Nel corso dell’ultimo decennio, sono stati implementati diversi modelli organizzativi basati su approcci integrati di cura per la gestione dei pazienti cronici. In particolare, sistemi sanitari come il SSN, che presentano un’integrazione verticale tra i diversi livelli di assistenza e che hanno posto una forte enfasi sulle cure primarie, sembrano rispondere meglio – ceteris paribus – ai bisogni dei pazienti pluripatologici.26 Per valutare la capacità del sistema nel suo complesso di riorganizzarsi intorno alle cure primarie e intermedie riducendo il ricorso ai servizi ospedalieri, i decisori devono poter contare sulla piena integrazione tra le diverse banche dati che misurano i consumi sanitari nei diversi ambiti di cura, con particolare riferimento al potenziamento dei dati che integrano interventi sociali e sanitari nei programmi di prevenzione.

Per esempio, i programmi che si basano sul ruolo degli infermieri di famiglia e di comunità, che, integrandosi con gli assistenti sociali, devono supportare individui fragili a domicilio e/o in strutture intermedie,27 dovrebbero essere accompagnati da nuovi investimenti in dataset specifici. Infatti, solo attraverso una mappatura più precisa della presenza e delle attività effettivamente svolte da questi professionisti i decisori possono comprendere il loro probabile impatto sull’aderenza alle linee guida cliniche,28 sull’uso appropriato dei servizi offerti nell’ambito delle cure primarie e, in ultima analisi, sullo stato di salute della popolazione supportata. Altri programmi prevedono un ruolo centrale per il personale infermieristico nel sensibilizzare azioni di prevenzione, in particolare nelle campagne di screening: anche per questi programmi è importante poter disporre di indicatori provenienti da diverse banche dati che consentano di verificarne gli effetti di medio-lungo periodo anche in termini di diminuzione della pressione sui sistemi di assistenza acuta ed emergenziale.29

Questi risultati rafforzano la raccomandazione a utilizzare, in modo più sofisticato e sistematico, i dataset oggi a disposizione per seguire nel tempo gli effetti dei nuovi programmi di prevenzione e promozione della salute.
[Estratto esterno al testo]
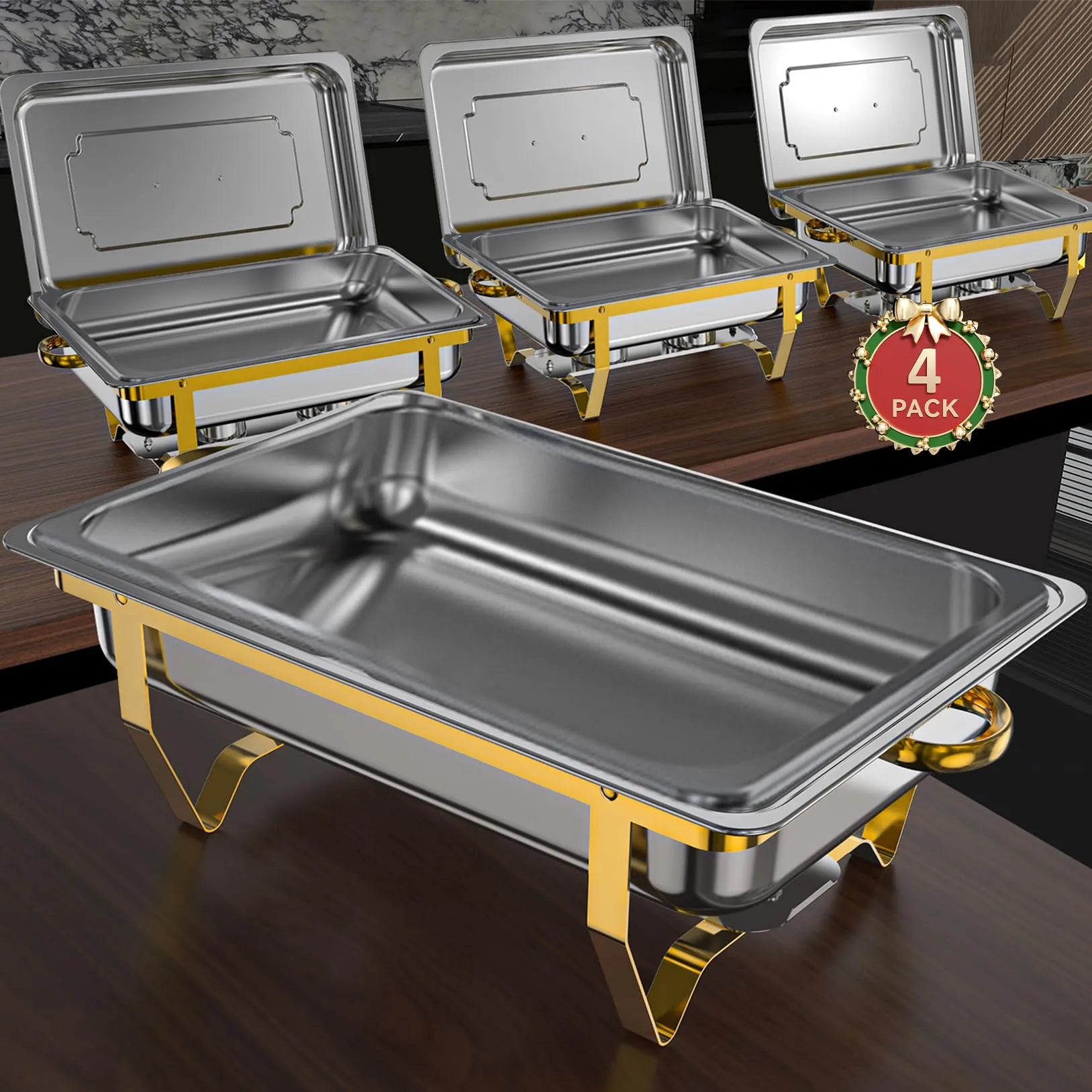 Chafing Dish Buffet Set 8QT High Grade Chafing Dishes for Buffet Chafers and Buffet Warmers Sets wourant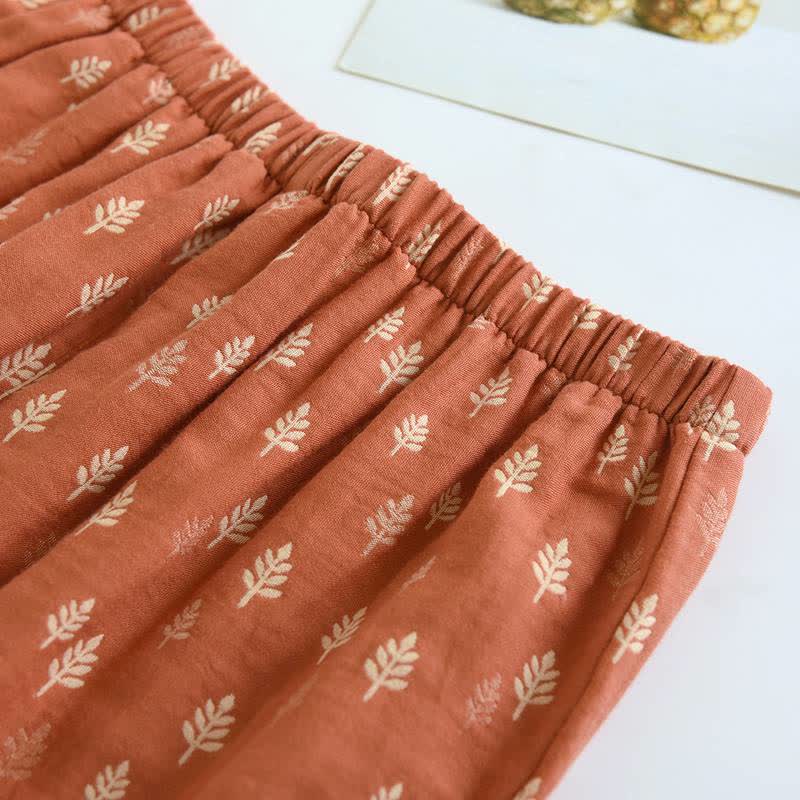 Relaxed Piped Cotton Maple Leaf Loungewear Set - image 6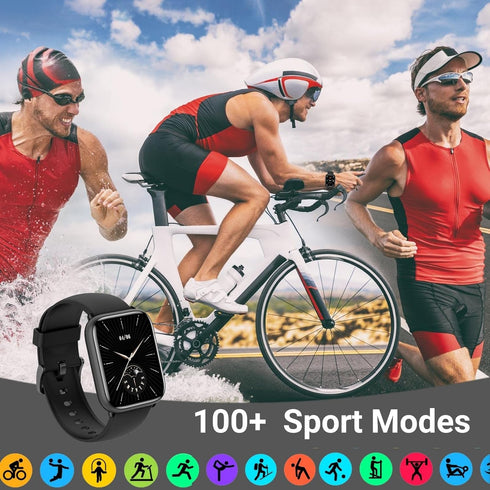Smart Watch for Men Women, 1.8" Touch Screen, 100+ Sport Mode Activity Fitness Tracking Watch with Heart Rate SpO2 Monitor, 5ATM Waterproof Swim W...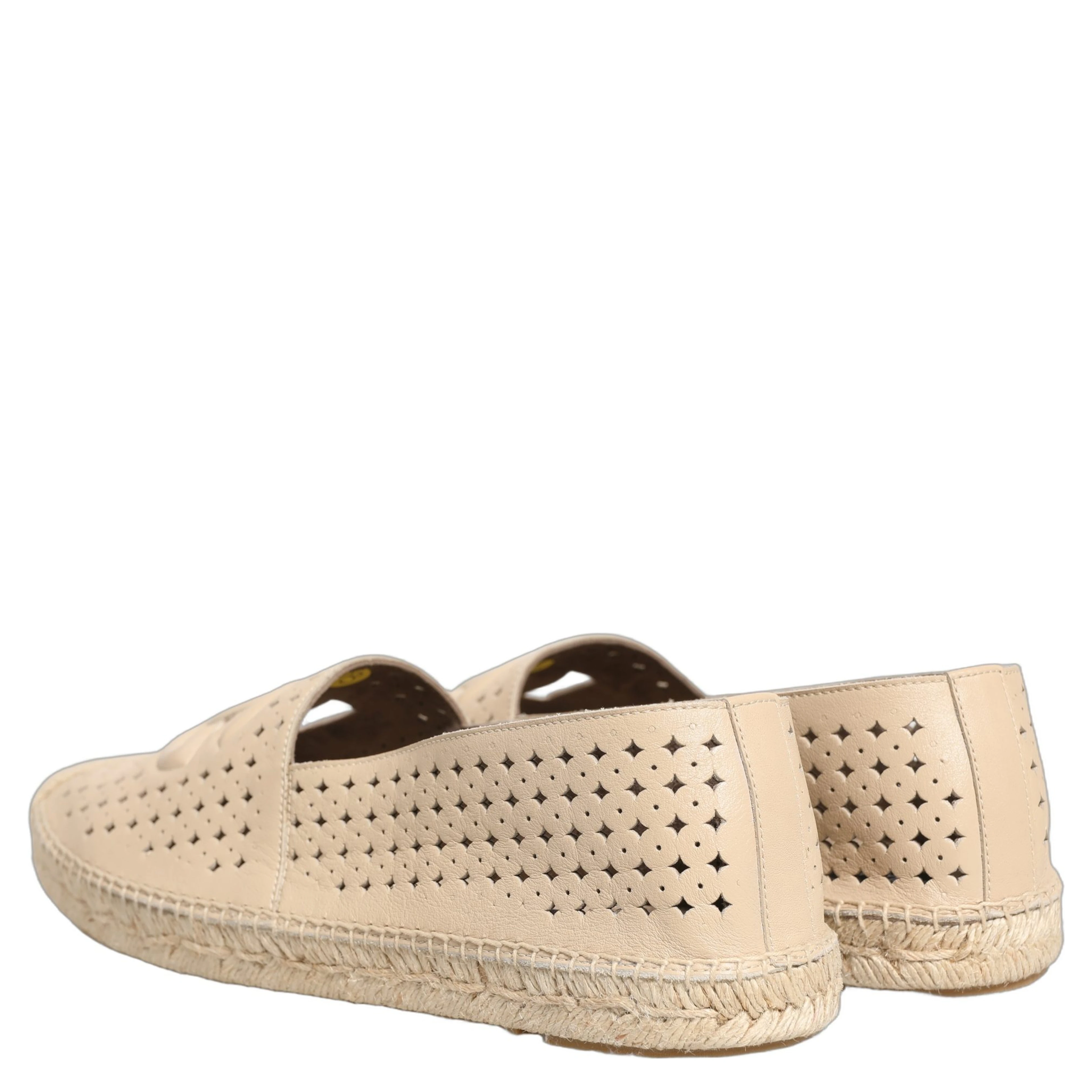 Beige Leather Cutout Logo Espadrilles Shoes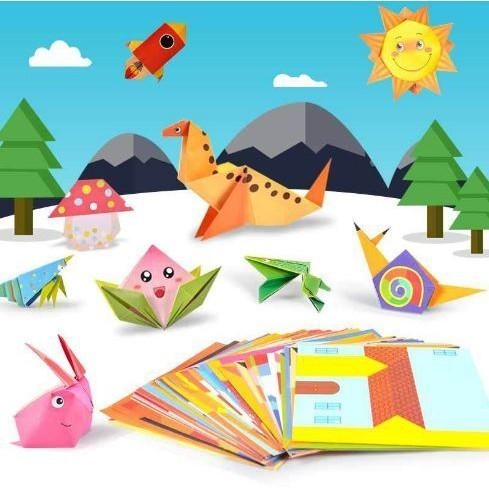 สต็อคไทย ❤️ Fun Origami กระดาษพับโอริกามิ มีวิธีพับ ของเล่นเด็ก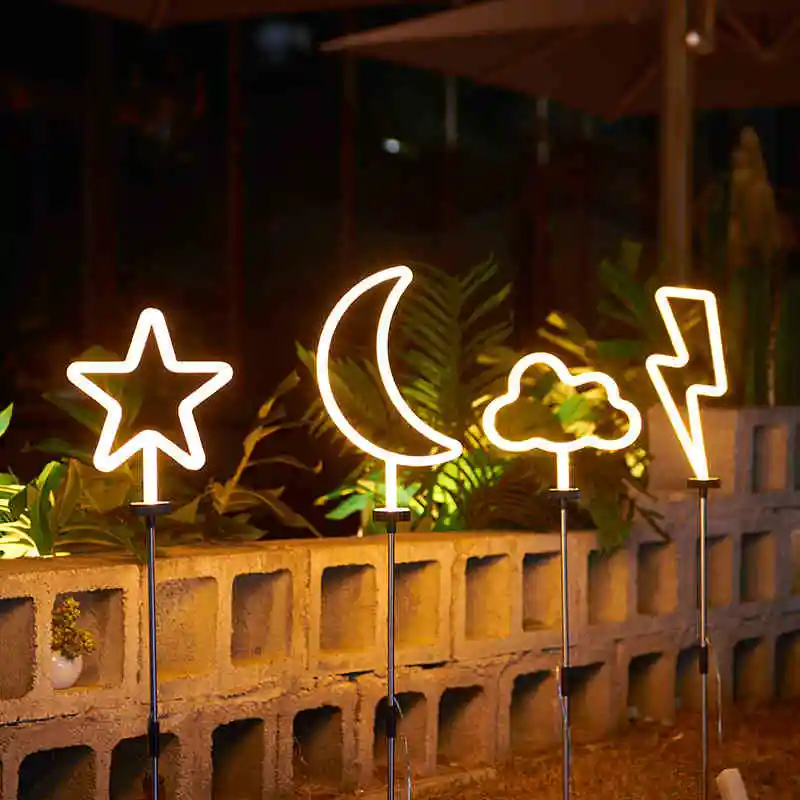 LED Outdoor Garden Lawn Neon Customer Make Christmas Festival Decoration Solar Lamp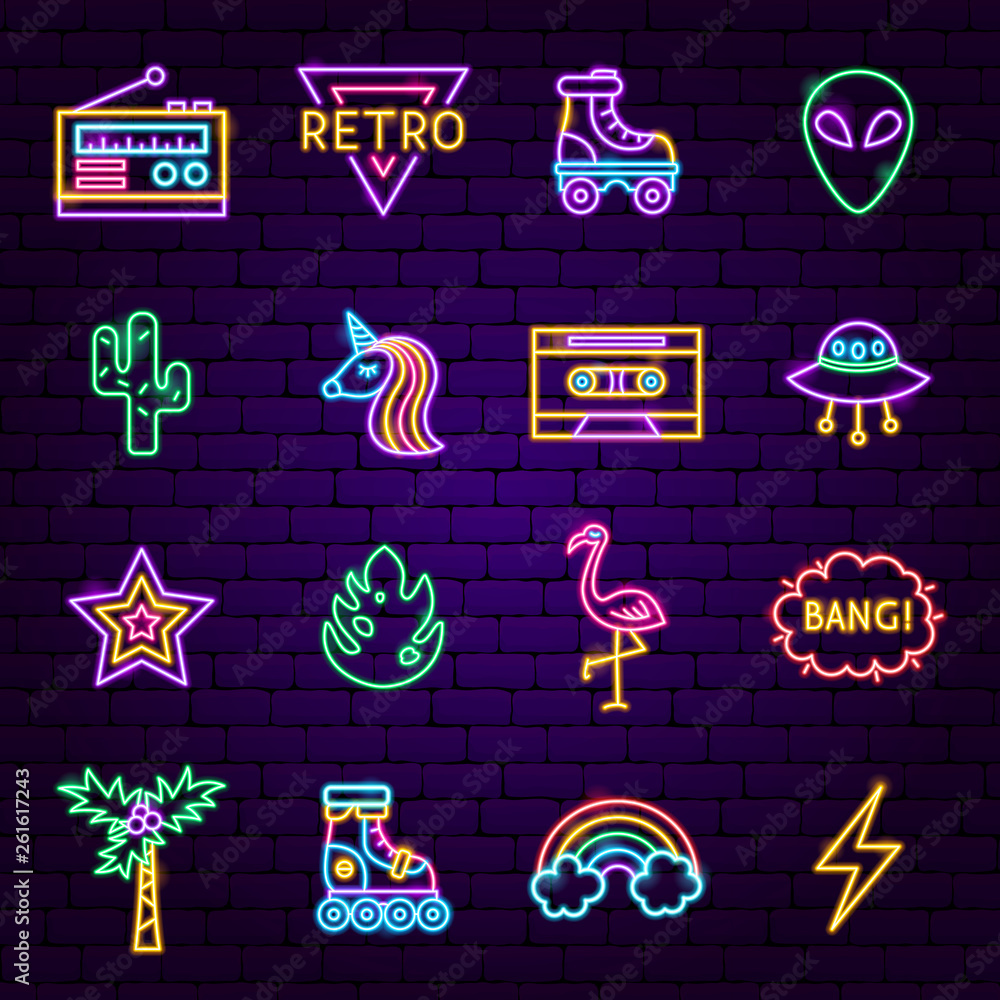 Fotografie Retro Style Neon Icons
Solo in questo modo sarà possibile acquisire le informazioni necessarie per una valutazione rigorosa degli interventi che porti a una decisione consapevole sull’opportunità di modificarli o di consolidarli all’interno del sistema sanitario.

Raccomandazioni chiave

Per valutare complessivamente gli esiti degli interventi di prevenzione e promozione della salute, è necessario disporre di diversi indicatori di performance. Per comprendere meglio gli attori e i gruppi potenzialmente coinvolti e analizzarne l’impatto, è utile raggruppare tali indicatori secondo tre prospettive: lato della domanda, lato dell’offerta e livello sistemico. Solo un ampio insieme di indicatori consente ai decisori pubblici di considerare i molteplici effetti sanitari e sociali, così come i diversi interessi e aspettative in gioco. Una priorità nella definizione e nell’adozione di questi indicatori è la disponibilità di dataset integrati e validati, fondamentali per comprendere l’impatto complessivo di questi programmi.